### The task
Print each line of the listing once more, precisely as given.
◇ ◇ ◇ ◇ ◇
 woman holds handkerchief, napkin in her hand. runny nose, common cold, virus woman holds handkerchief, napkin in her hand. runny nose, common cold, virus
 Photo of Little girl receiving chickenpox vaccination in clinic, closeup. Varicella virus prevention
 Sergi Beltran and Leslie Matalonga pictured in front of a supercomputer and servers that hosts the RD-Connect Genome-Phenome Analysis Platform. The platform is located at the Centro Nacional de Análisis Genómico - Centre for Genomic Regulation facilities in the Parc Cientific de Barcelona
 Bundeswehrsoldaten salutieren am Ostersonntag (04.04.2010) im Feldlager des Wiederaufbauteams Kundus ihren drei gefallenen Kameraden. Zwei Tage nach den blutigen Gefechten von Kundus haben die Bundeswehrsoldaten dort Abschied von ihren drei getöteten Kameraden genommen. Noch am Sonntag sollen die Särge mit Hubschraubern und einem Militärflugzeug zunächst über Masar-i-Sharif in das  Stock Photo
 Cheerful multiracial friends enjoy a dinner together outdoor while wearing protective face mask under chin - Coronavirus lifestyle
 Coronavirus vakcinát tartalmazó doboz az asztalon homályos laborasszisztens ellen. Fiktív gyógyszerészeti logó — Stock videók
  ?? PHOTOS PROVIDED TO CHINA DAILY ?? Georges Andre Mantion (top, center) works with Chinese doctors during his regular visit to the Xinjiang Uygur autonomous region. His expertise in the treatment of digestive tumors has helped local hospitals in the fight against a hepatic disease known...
◇ ◇ ◇ ◇ ◇
### Task solution
 woman holds handkerchief, napkin in her hand. runny nose, common cold, virus woman holds handkerchief, napkin in her hand. runny nose, common cold, virus
 Photo of Little girl receiving chickenpox vaccination in clinic, closeup. Varicella virus prevention
 Sergi Beltran and Leslie Matalonga pictured in front of a supercomputer and servers that hosts the RD-Connect Genome-Phenome Analysis Platform. The platform is located at the Centro Nacional de Análisis Genómico - Centre for Genomic Regulation facilities in the Parc Cientific de Barcelona
 Bundeswehrsoldaten salutieren am Ostersonntag (04.04.2010) im Feldlager des Wiederaufbauteams Kundus ihren drei gefallenen Kameraden. Zwei Tage nach den blutigen Gefechten von Kundus haben die Bundeswehrsoldaten dort Abschied von ihren drei getöteten Kameraden genommen. Noch am Sonntag sollen die Särge mit Hubschraubern und einem Militärflugzeug zunächst über Masar-i-Sharif in das  Stock Photo
 Cheerful multiracial friends enjoy a dinner together outdoor while wearing protective face mask under chin - Coronavirus lifestyle
 Coronavirus vakcinát tartalmazó doboz az asztalon homályos laborasszisztens ellen. Fiktív gyógyszerészeti logó — Stock videók
  ?? PHOTOS PROVIDED TO CHINA DAILY ?? Georges Andre Mantion (top, center) works with Chinese doctors during his regular visit to the Xinjiang Uygur autonomous region. His expertise in the treatment of digestive tumors has helped local hospitals in the fight against a hepatic disease known...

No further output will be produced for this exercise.